Stingless bees and tropical solitary bees – a talk by Breno M. Freitas
November 10 @ 7:30 pm - 8:30 pm GMT
CABK members and Non-members are welcome to attend. There is no fee for this event which also will be live-streamed to the CABK YouTube Channel – watch live or later, on demand.
Registration for this Zoom event is now open.
Prof. Breno Freitas will talk about the fascinating stingless bees and solitary bees that make an important contribution to Brazilian ecosystems
“In this presentation, I will show that among the 20,000 bee species in the world about 85% of them have a solitary life style. Despite the better known and studied bee species that inhabit temperate climates of the world, the greater diversity of solitary bees are in the tropics, and they are amazing!!! There are species that use floral oils to build their nests and to replace nectar as the energy source to their offspring, and species where males have to collect floral essences in order to mate, while in other species the females excavate through hard wood to build their nests. I will also talk about a group of tropical social bees that give up their stings in exchange for a variety of defensive strategies, and have found different ways to organise their colonies, from the nest architecture to brood and queen production.

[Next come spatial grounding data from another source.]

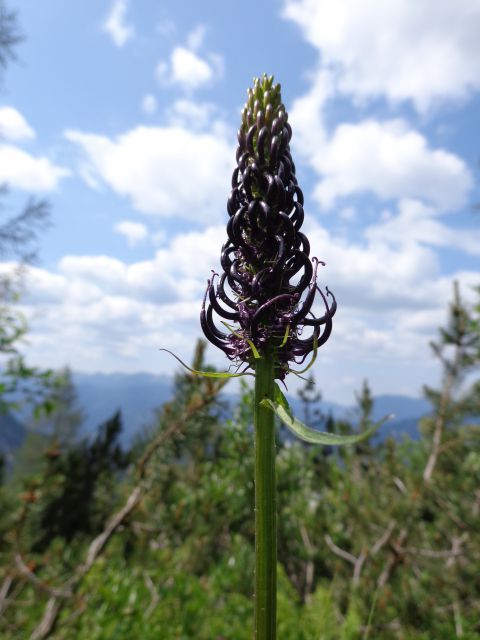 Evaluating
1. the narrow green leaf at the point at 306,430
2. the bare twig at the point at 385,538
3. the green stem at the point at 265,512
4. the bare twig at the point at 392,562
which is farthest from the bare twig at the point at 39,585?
the bare twig at the point at 385,538

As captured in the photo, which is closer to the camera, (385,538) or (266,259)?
(266,259)

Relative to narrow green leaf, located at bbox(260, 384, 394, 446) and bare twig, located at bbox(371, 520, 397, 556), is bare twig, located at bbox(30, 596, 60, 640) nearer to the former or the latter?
narrow green leaf, located at bbox(260, 384, 394, 446)

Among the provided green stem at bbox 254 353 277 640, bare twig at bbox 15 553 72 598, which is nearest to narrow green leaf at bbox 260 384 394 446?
green stem at bbox 254 353 277 640

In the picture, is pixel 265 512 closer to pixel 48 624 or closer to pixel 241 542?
pixel 48 624

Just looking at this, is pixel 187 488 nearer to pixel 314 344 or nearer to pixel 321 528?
pixel 321 528

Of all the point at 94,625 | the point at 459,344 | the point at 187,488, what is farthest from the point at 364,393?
the point at 94,625

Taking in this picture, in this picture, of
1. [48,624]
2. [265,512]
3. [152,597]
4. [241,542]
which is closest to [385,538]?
[241,542] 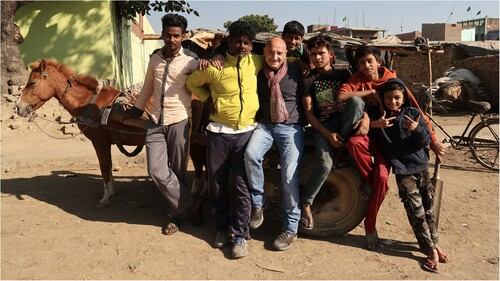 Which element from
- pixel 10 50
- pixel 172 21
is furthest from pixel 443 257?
pixel 10 50

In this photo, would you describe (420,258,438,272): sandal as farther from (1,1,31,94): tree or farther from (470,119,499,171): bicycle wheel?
(1,1,31,94): tree

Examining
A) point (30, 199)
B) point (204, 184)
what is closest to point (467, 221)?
point (204, 184)

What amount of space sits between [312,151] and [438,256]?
142 centimetres

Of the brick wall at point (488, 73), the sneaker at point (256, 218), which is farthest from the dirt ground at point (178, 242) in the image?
the brick wall at point (488, 73)

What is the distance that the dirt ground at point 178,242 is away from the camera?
3.31m

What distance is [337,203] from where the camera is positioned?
151 inches

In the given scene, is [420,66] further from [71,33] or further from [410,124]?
[410,124]

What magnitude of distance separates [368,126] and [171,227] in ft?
7.04

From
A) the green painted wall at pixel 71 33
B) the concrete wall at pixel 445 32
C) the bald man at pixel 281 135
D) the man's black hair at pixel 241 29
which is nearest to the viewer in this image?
the man's black hair at pixel 241 29

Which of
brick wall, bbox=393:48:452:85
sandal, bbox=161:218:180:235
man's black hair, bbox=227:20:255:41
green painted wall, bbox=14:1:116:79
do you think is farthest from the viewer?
brick wall, bbox=393:48:452:85

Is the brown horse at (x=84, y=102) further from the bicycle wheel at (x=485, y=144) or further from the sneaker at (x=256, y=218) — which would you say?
the bicycle wheel at (x=485, y=144)

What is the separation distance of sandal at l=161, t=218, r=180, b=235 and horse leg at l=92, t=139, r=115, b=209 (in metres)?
1.14

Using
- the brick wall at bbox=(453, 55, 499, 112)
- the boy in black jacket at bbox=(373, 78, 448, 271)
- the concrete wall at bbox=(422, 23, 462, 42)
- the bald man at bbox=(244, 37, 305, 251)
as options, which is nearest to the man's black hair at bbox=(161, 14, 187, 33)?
the bald man at bbox=(244, 37, 305, 251)

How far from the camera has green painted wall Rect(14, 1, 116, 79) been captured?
34.6 feet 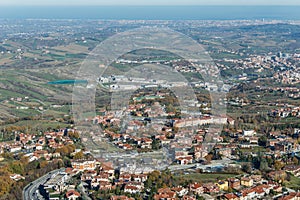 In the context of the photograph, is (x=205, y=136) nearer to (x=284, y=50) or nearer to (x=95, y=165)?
(x=95, y=165)

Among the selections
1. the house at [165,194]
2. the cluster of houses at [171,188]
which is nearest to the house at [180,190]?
the cluster of houses at [171,188]

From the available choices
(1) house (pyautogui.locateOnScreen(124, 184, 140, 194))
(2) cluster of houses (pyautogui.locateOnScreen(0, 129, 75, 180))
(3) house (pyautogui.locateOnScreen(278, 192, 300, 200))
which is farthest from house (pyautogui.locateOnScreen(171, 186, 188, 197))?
(2) cluster of houses (pyautogui.locateOnScreen(0, 129, 75, 180))

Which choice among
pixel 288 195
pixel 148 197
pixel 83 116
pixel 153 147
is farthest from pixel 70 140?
pixel 288 195

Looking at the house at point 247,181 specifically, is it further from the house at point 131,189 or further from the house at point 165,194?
the house at point 131,189

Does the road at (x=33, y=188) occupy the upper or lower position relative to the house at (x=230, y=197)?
lower

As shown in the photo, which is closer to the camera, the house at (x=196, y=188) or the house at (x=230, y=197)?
the house at (x=230, y=197)

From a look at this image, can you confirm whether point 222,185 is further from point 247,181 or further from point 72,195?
point 72,195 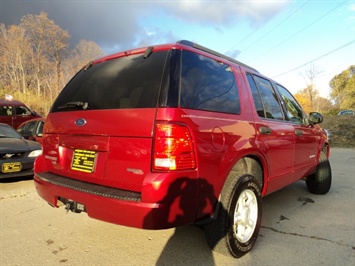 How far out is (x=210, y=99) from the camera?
8.59 ft

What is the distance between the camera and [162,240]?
322 centimetres

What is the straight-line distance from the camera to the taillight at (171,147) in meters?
2.22

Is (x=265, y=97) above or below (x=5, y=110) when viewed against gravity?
below

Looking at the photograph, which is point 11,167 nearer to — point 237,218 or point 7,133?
point 7,133

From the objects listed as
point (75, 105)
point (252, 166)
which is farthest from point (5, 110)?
point (252, 166)

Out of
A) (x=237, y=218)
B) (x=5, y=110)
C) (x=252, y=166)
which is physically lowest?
(x=237, y=218)

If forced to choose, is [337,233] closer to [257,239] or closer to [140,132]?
[257,239]

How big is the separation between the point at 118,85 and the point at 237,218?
5.62 feet

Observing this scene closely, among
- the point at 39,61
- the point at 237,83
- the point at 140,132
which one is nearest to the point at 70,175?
the point at 140,132

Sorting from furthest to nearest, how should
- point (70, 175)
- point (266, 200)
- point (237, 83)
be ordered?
point (266, 200) < point (237, 83) < point (70, 175)

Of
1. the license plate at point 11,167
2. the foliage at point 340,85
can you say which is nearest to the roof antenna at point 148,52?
the license plate at point 11,167

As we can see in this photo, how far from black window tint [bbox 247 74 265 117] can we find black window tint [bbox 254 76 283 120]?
0.10m

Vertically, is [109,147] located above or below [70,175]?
above

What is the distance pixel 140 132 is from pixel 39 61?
4214 centimetres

But the point I will address is that these tropical bee species are not just weird curiosities of the bee world. They are also essential pollinators and are involved in intricate food chains in the tropical forests, and can be sustainably used for the production of food (honey and pollen) and other hive products (geopropolis, resins) and to assist pollination of crops, provided we develop techniques to rear and manage them. I will show what we have achieved so far.

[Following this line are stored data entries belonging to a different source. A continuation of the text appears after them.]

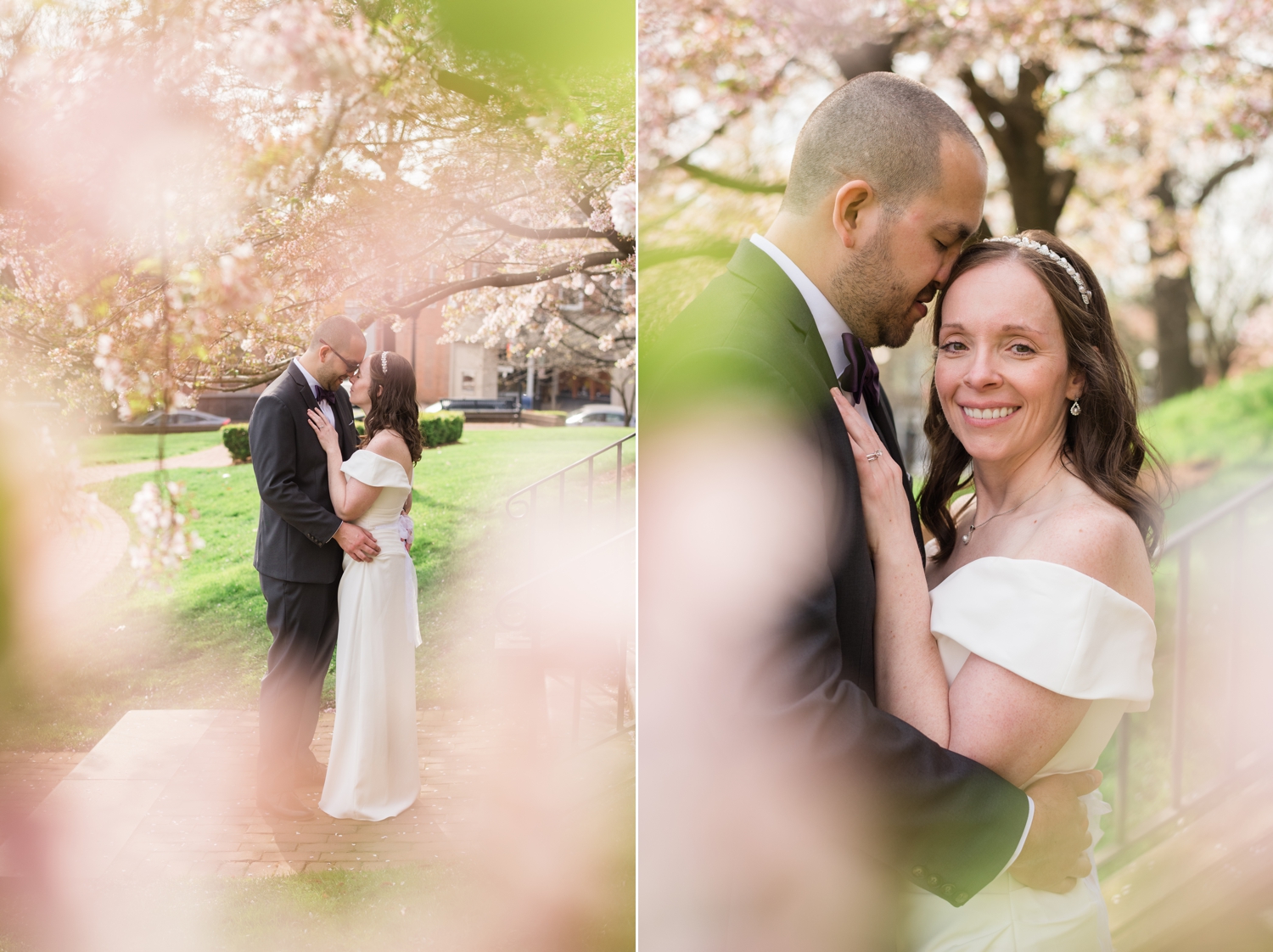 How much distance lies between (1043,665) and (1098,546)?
245 millimetres

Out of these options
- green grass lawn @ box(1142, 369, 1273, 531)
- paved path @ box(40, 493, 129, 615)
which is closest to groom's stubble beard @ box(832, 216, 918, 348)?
paved path @ box(40, 493, 129, 615)

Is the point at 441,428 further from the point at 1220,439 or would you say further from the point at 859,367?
the point at 1220,439

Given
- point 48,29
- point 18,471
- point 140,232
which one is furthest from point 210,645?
point 48,29

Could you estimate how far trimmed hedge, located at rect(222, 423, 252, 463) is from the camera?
196 cm

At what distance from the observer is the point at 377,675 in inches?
83.0

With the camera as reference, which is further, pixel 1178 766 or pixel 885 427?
pixel 1178 766

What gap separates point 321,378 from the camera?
77.2 inches

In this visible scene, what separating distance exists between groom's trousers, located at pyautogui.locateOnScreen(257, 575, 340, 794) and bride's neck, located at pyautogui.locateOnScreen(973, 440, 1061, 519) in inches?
63.4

Breno M. Freitas has worked with bees since 1984 when he became a beekeeper working with Africanized honey bees. Later, he achieved his first degree in Agronomy (1988), M.Sc. in Animal Science (1991) and PhD working with bees and crop pollination (1995) taken at the University of Wales College of Cardiff, UK. Presently, he is a Full Professor in the Department of Animal Science at the Federal University of Ceara, Fortaleza, Brazil, teaching and supervising undergraduate and graduate students of the Agronomy, Animal Science and Biology courses.
He researches ways in which bees can contribute to human food production and natural ecosystem sustainability, having pollination in the Neotropics as the central point. To this end, he and his interdisciplinary team of researchers, students, and industry collaborators investigate pollination requirements of agricultural crops, agricultural pollination in Brazil, pollinator efficiency and breeding and management of Africanized bees and species of stingless bees and solitary bees in agriculture. Threats to bee health and their pollination services due to climate change, deforestation and pesticide misuse are studied through precision beekeeping, gene expression, data mining, Artificial Intelligence, remote sensing, Internet of Things and monitoring and tracking of bees and colonies. His national and international partnerships on these topics have given rise to several projects and publications.
He has also worked as a researcher for the Brazilian National Council for Scientific and Technological Development (1996 – present), member of the Brazilian Pollinators Initiative (1998 – present), member of the Scientific Council of the International Commission for Plant-Pollinator Relationship (2010 – present), he has acted as a consultant and contributor to FAO in several projects and co-author of its publications, and he served as member of the Scientific Council of the Brazilian Federation of Beekeepers (2000-2022) and Coordinating Leader Author of the IPBES – Intergovernmental Platform for Biodiversity and Ecosystem Services of the United Nations to the theme of pollinators, pollination and food production (2014-2016).